Exploring the Solukhumbu
My trek started in Jiri, which is where Tenzing Norgay and Edmund Hillary started in 1953, when they climbed Mount Everest, i.e. Sagarmatha (in Nepali) or Chomolungma (in Tibetan), for the first time in history. From here I took two weeks to explore the lower Khumbu region, i.e. Solukhumbu. One highlight was Pikey Peak (4065 m), which offered the first closer view of Chomolungma (8849 m) and six of the other eight mountains above 8000 meters that reside in Nepal.
In my second week Priyanka, a friend of mine from India, joined and we hiked to Dudh Kunda (4600 m), a beautiful milky lake. Along the way I met some local teahouse owners that are putting a new route together to combine the two highlights in a beautiful circular trek. It is unknown even among the guides in Kathmandu, as I learned later on. So I am very keen to lead a Shanti Trek there next year in November and be one of the first ones to explore it. After exploring the Solukhumbu I entered the Sagarmatha National Park to hike up to the Gokyo Lakes with the peak of Gokyo Ri (5357 m) high above the lakes.



Getting to know the locals
In the last two months of trekking around the Manaslu and in the Everest region, I realised that the extreme heights have become less appealing to me. When I first told friends about my plan to trek solo around Everest many asked whether I am going to climb one of the easier 6000-meter peaks. “Easier” is relative, as they still involve crampons, ice axe and rope work, yet are doable even for less (or even not) experienced mountaineers. I did think about it, but in the end, it was too late in the season. In hindsight, I realised that my favourite type of trekking happens between 3000 and 4000 meters, where temperatures are cool but not too cold. The altitude is bearable, and I can still sleep well at night, which is something that worsens the higher you get. And most importantly, the flora and fauna are still manifold and there are many lively villages along the way.
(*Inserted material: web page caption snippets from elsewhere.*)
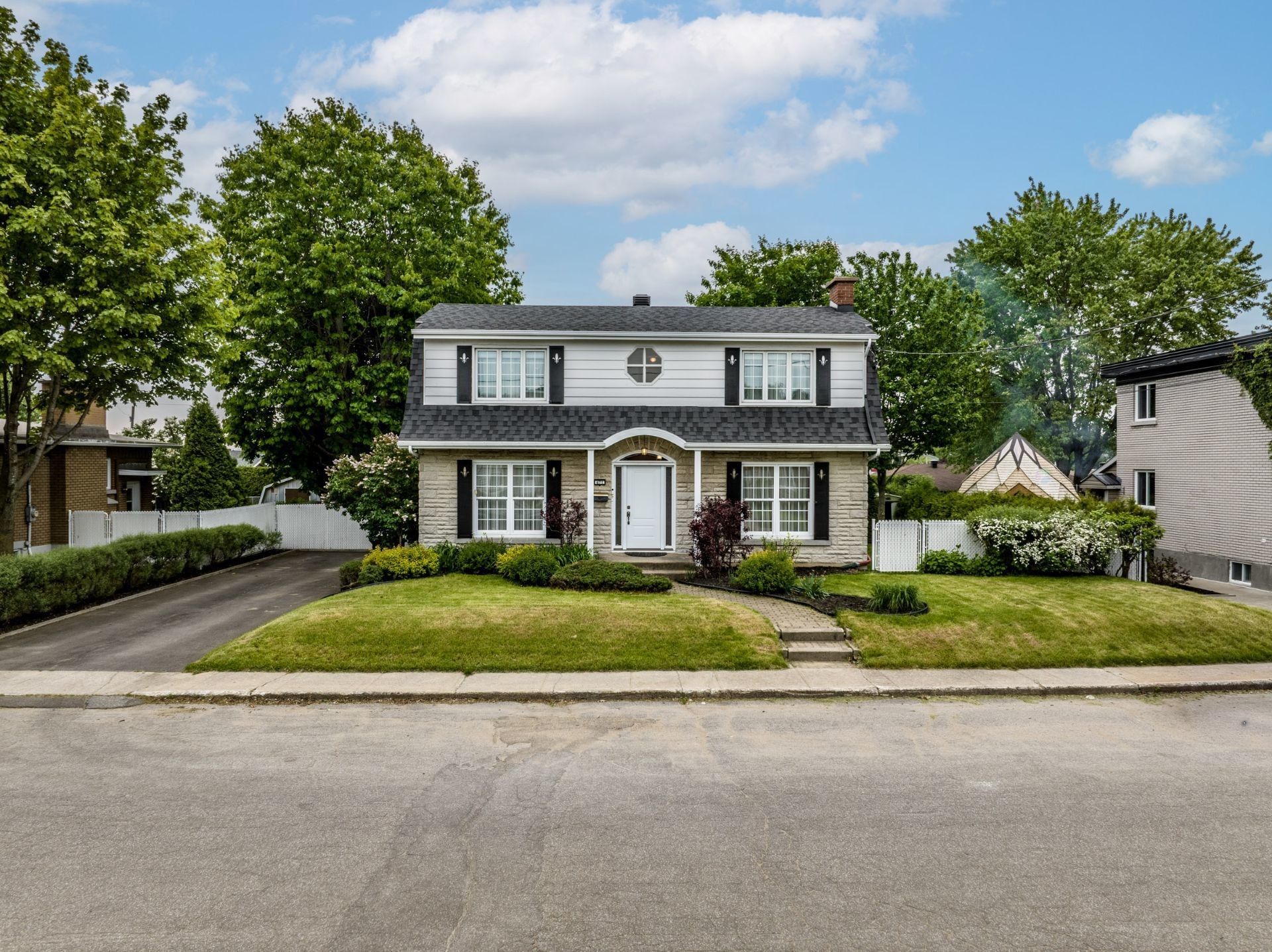 









471


Rue Gélinas

,
Trois-Rivières,




QC
G8T7E4

Above this altitude the land gets barren and there are no more villages. For me, it is the interaction with locals that make the Himalaya such a beautiful trekking destination.




The name's origin
Luckily, many of the foreign tourists disagree, skip the lower parts of Solukhumbu and fly directly to Lukla to enter the Sagarmatha National Park straight away and trek as fast as possible to Everest Base Camp, which lies above 5000 meters. This approach in itself is problematic as it bears a high risk of acute mountain sickness (AMS). As explained in detail in my previous blog, it is vital to ascend slowly in altitude to give your body time to acclimatise. Even the most common route makes it difficult for some trekkers to finish the EBC-trek, as they are ascending too fast and get fatigue, strong headaches, vomiting, or even severely ill and have to end the trek early. The really sad thing is that many trekkers do not know of AMS and simply trust the travel agency they go with.
Almost everyone I met on the trek was heading to EBC and no one could understand why I had no interest to go there. For me, Mount Everest is the symbol for everything that is going wrong in the way we approach mountains. It all starts with the name “Everest”, which was given by the British during their colonial rule in the 19th century. An Indian mathematician estimated the mountains height, but the name was given after the former Surveyor General of India, head of the country's national mapping agency. George Everest has neither been involved in the discovery of the world’s tallest mountain, nor has he ever laid eyes on it. Besides, the mountain already was named. In Tibetan, it is called Chomolungma, which means "Goddess Mother of the World" and in Nepali, it is called Sagarmatha, which means "Goddess of the Sky". Both names seem to appreciate the significance of this mountain a lot more than naming it after an old white man who had absolutely nothing to do with it. One may think that the mountaineering community of the 21st century may have an incentive to rectify this wrongdoing, but here we are still trotting in masses to EBC (i.e. Everest Basecamp) and most people won’t even know about its name’s origin.



Everest madness
Whilst I was hiking up towards the Gokyo Lakes, a group of locals changed the sign at EBC from “Everest” to “Chomolungma” Base Camp. This started a debate on social media with many foreign trekkers expressing their opinion – as if we had a say in the name-giving of a South Asian mountain. In theory, we shouldn’t even climb it. In Tibetan culture, many peaks of mountains are where the goddesses and gods live and, therefore, are sacred. Chomolungma, the goddess mother of the world, lives on the highest mountain and she should not be disturbed. Hence, the local Sherpa carry out rituals to appease the goddess. Yet if she takes the life of a climber, it is hers and she keeps him or her on the mountain. You have probably seen the queues up to the peak of Chomolungma and you can probably imagine the rubbish along the way that is left behind by every expedition.
There is the argument that climbing Chomolungma is great business for Nepal, but I feel that is a bit short-eyed as the big money only ends up with a handful of rich. I stayed in a guesthouse where the owner works as a high-altitude porter. He told me one evening about the work, which is happening in the month of May, the only month of the year when Chomolungma can be climbed as the winter winds have stopped, and the monsoon not yet arrived. It is good money for sure, but it is hard physical work, and it is dangerous. If he had a choice, he would rather not do the work, but the money is too good to refuse.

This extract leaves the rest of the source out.